UpSizeR: Synthetically Scaling Up a Given Database State

Abstract

E-commerce and social networking services must ensure that their systems are scalable. Engineering for rapid growth requires intensive testing with scaled-up datasets. Although such a larger dataset is synthetically generated, it must be similar to a real dataset if it is to be useful.

This talk presents UpSizeR, a tool for scaling up relational databases. Given a database state D and a positive number s, UpSizeR generates a synthetic state D’ that is s times the size of D, yet similar to D in terms of query results. UpSizeR does this by extracting inter-column and inter-row information from D. UpSizeR can also be used by an enterprise to make a synthetic copy (s=1) of its proprietary dataset for a vendor, or scale down a production dataset (s<1) for non-production testing. Experiments with Flickr data shows good agreement between crawled data and UpSizeR output for various sizes.

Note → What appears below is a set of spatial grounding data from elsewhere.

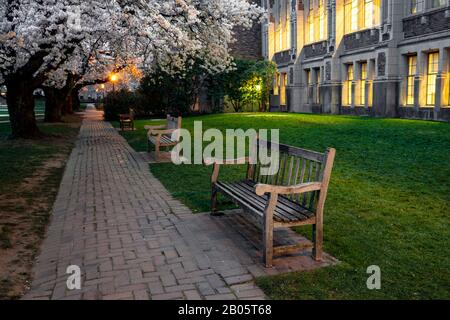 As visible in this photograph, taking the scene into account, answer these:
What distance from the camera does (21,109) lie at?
60.1 ft

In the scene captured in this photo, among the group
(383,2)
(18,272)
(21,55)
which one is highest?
(383,2)

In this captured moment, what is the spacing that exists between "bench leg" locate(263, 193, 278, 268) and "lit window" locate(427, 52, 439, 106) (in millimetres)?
19584

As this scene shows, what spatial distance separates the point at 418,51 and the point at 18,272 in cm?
2199

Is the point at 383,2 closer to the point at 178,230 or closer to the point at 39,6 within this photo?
the point at 39,6

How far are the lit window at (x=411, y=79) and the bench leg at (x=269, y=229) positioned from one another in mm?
21235

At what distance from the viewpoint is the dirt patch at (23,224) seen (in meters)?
4.59

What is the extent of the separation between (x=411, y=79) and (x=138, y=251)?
22.0 m

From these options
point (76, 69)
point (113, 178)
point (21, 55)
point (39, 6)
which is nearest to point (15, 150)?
point (21, 55)

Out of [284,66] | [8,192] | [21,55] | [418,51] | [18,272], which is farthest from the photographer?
[284,66]

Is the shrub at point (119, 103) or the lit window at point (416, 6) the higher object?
the lit window at point (416, 6)

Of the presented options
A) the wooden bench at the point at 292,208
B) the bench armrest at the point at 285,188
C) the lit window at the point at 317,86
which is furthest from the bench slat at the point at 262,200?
the lit window at the point at 317,86

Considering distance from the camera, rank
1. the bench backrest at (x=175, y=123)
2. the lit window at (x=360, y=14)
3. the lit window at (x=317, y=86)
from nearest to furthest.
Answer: the bench backrest at (x=175, y=123) < the lit window at (x=360, y=14) < the lit window at (x=317, y=86)

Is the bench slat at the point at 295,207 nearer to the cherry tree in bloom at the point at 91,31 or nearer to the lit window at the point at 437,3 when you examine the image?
the cherry tree in bloom at the point at 91,31

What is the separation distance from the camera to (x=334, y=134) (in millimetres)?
16578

However, UpSizeR currently cannot scale the social network topology in Flickr. This leads to the Attribute Value Correlation Problem: If D records data from a social network, how do the social interactions affect correlation among attribute values in D?

Bio

Y.C. Tay received his BSc from the University of Singapore and PhD from Harvard University. He is a professor in the Departments of Mathematics and Computer Science at the National University of Singapore. His main research interest is performance modeling (database transactions, wireless protocols, traffic equilibrium, cache misses). Other interests include distributed protocols and their correctness proofs. He is currently on sabbatical at UCLA.